# This all came WAYYY too fast...PLEASE HELP!



## mushroomhead (Jul 19, 2009)

I recently bought a heat press and have been learning non-stop the how-to's

Out of seemingly nowhere I fall into this order for 30 shirts with multiple locations.

Long story short...I never thought I'd get the job, this is something I've always wanted to do...

I have looked into a vendor sales tax number, and they are telling me it will be a couple of days...

I DON"T HAVE EXTRA DAYS! I NEED TO ORDER TRANSFERS NOW!

Are there any plastisol transfer vendors that will deal with me? I would provide the number to them next week.

I have artwork that will need a little attention as well, but the design is laid out...files are in .eps format.

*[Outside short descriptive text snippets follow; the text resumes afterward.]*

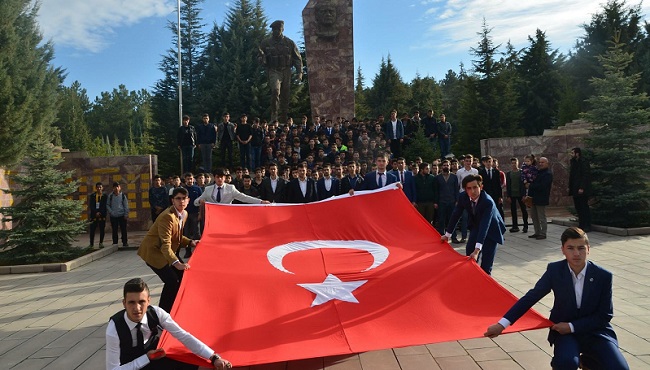 ÜLKÜCÜ GENÇLERDEN ŞEHİTLİK ZİYARETİ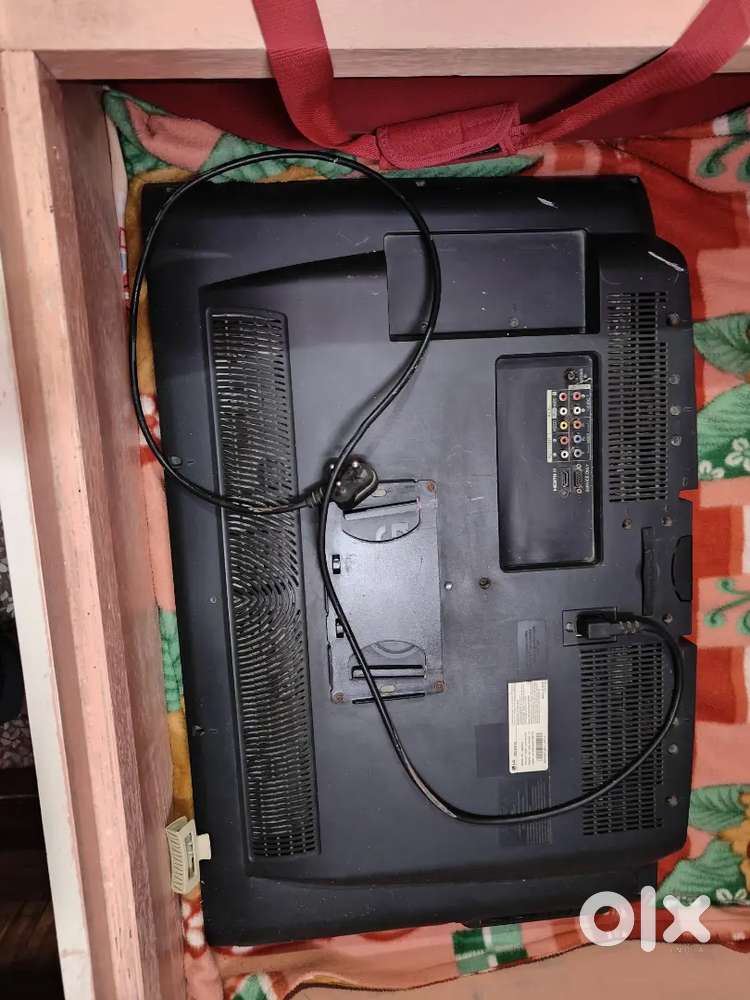 LCD LG 32 INCH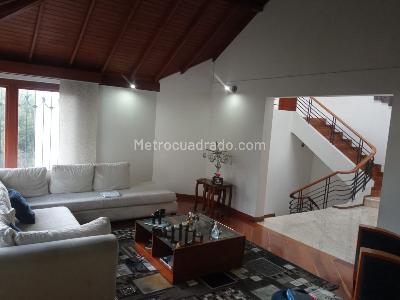 Apartamento de 3 alcobas en venta en Suba Cerros, Bogotá, 300 m² · foto 3 de 20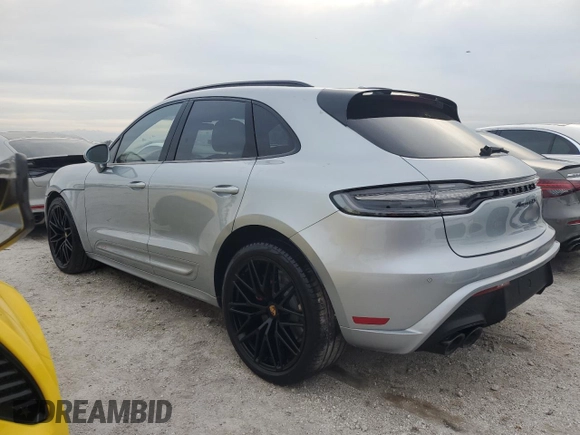 2023 Porsche Macan GTS z VIN WP1AF2A53PLB56470, wystawiony jako Copart lot #76620874 z przebiegiem Nie podano mil oraz Nie do naprawy • Non repairable. Historia ofert i sprzedaży dostępna na DreamBid. Obrazek 2.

Please understand this is kinda my dream, I am not in this for 1 order, I want my customer to be happy...the word of mouth will be great.

HELP ME!!! LOL!

Thanks,
Mike


----------



## splathead (Dec 4, 2005)

They all will deal with you. You don't have to have a sales tax number to order custom transfers. Just be prepared to be charged sales tax if applicable for your state.


----------



## miktoxic (Feb 21, 2008)

joe is right. you must be thinking about getting your license number for ordering wholesale. that usually pertains to buying volume tshirts etc. anyone can order transfers.


----------